To understand what a well-funded, truly affordable public 2-year system can do, one need look no further than this heartbreaking piece in Belt magazine this week, which outlines the spectacular failure and fallout of one company’s attempt to provide unemployed West Virginian coal miners with coding skills and experience in the tech industry.

This story, and the lawsuit stemming from it, is in many ways a microcosm of the past 3 decades of higher education policy. As the demand for higher education has grown, we have assumed that skills-training alone is the answer to stagnant wages and declining living standards. We have assumed that private providers have their finger on the pulse of the local labor market better than public schools that have been there for decades, and that the cost of a degree program (and the risk of not succeeding) should be borne more and more by students or their parents, rather than being seen as a public investment from which we all recoup benefits. We have not done a good enough job of transforming a wholly inadequate social safety net—from unemployment insurance to health care to child care—into one that ensures that the risks of pursuing an education are properly mitigated. Thus, funding for community colleges has withered, even as the colleges themselves are spending no more than they were over a decade ago.

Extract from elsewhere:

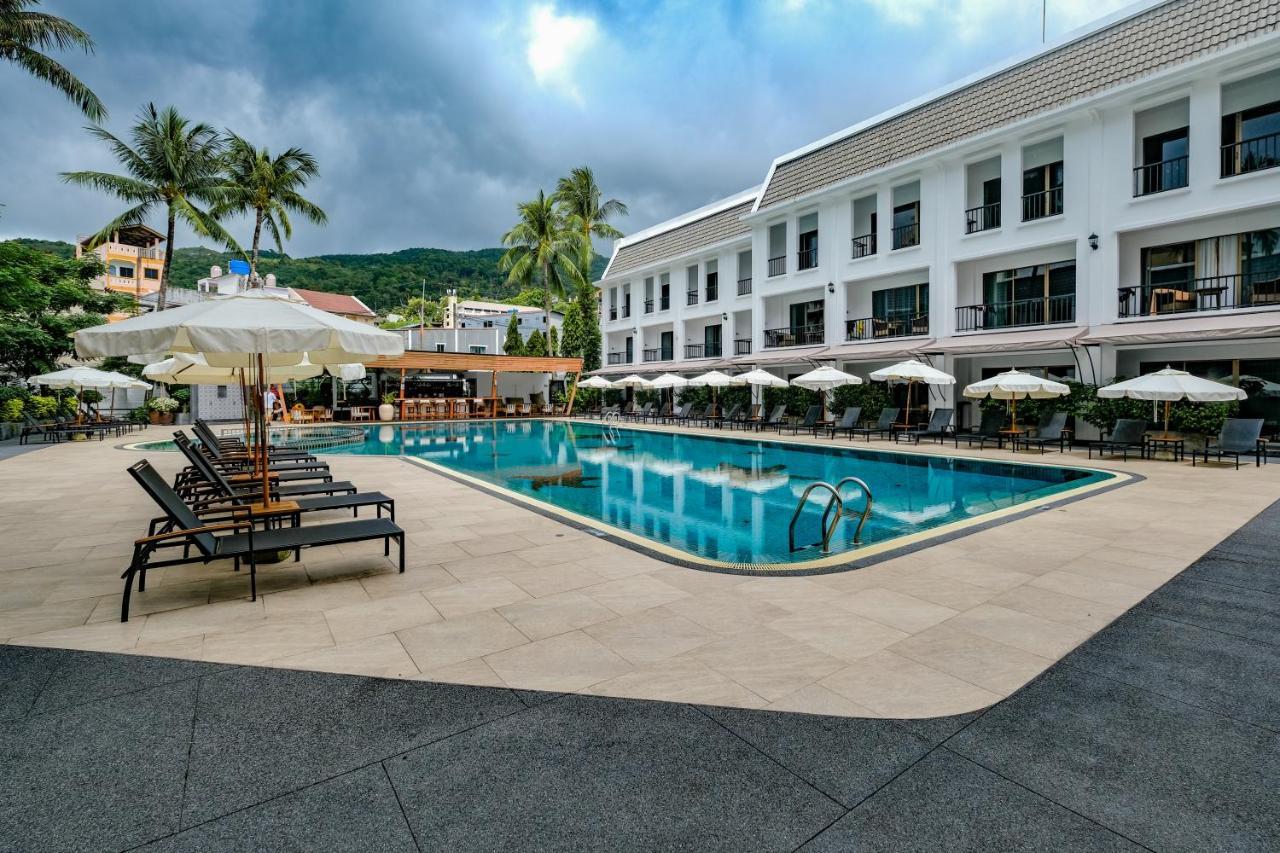 Sawaddi Patong Resort & Spa By Tolani - Sha Extra Plus Exterior foto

Community colleges, at their best, are pillars of their communities and key players in thriving local labor markets. They can offer no-cost degrees to students, partner with employers, and connect them to the local workforce in ways that large, investor-driven operations seem less able to do. They can do it without much of the short-term profit-motive that coding bootcamps may feel pressure to fulfill. They can do it without being flashy and pretending that tech jobs will replace coal mining jobs overnight, or offering false promises just to get students in the door with their federal financial aid dollars. And they can do it without cartoonishly blaming the students themselves for program results.

But doing that will require a bit of public investment, and it will mean resisting the allure of cheap political points and additional complexities that prevent everyone from participating. Lawmakers, like those designing WV Invests, shouldn’t be afraid of students, and they shouldn’t be afraid of investing in them.